| EXERCISE INSTRUCTIONS |
Your answer must be only the lines below from the one containing "When the command" through the one containing "Hello everybody, hope", copied exactly, with the pictures left out.

| MATERIAL PROVIDED |
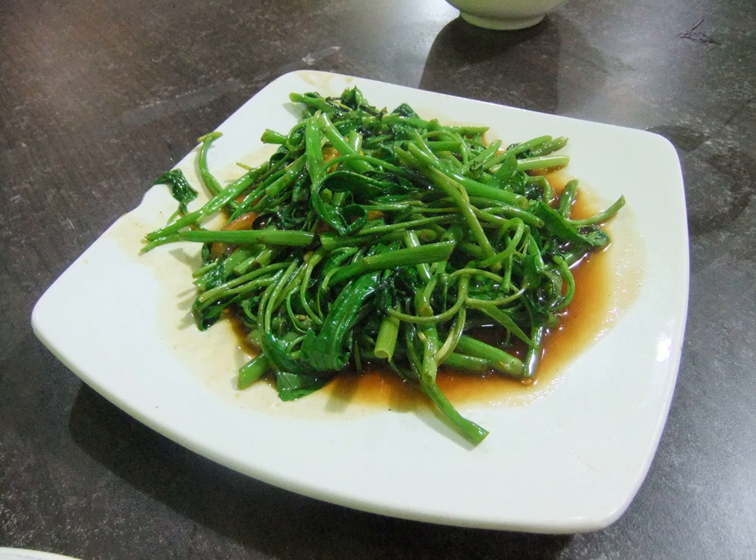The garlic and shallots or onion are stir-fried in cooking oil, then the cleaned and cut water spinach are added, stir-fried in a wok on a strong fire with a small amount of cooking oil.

==

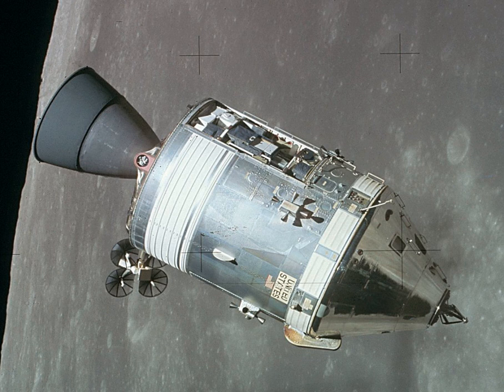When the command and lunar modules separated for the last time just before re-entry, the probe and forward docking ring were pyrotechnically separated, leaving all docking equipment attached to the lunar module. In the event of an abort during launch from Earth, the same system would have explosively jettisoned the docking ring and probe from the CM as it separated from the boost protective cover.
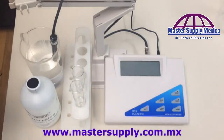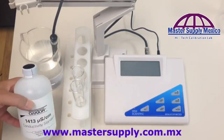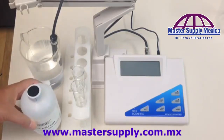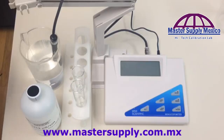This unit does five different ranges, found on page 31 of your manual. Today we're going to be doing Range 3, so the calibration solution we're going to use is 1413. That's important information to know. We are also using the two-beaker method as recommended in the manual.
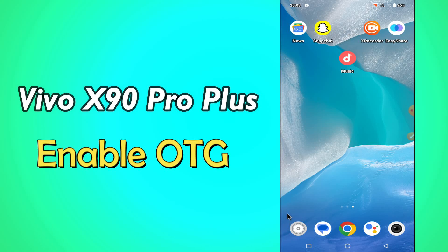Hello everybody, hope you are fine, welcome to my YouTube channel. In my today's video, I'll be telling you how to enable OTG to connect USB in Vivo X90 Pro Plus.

| TASK OUTPUT |
When the command and lunar modules separated for the last time just before re-entry, the probe and forward docking ring were pyrotechnically separated, leaving all docking equipment attached to the lunar module. In the event of an abort during launch from Earth, the same system would have explosively jettisoned the docking ring and probe from the CM as it separated from the boost protective cover.
This unit does five different ranges, found on page 31 of your manual. Today we're going to be doing Range 3, so the calibration solution we're going to use is 1413. That's important information to know. We are also using the two-beaker method as recommended in the manual.
Hello everybody, hope you are fine, welcome to my YouTube channel. In my today's video, I'll be telling you how to enable OTG to connect USB in Vivo X90 Pro Plus.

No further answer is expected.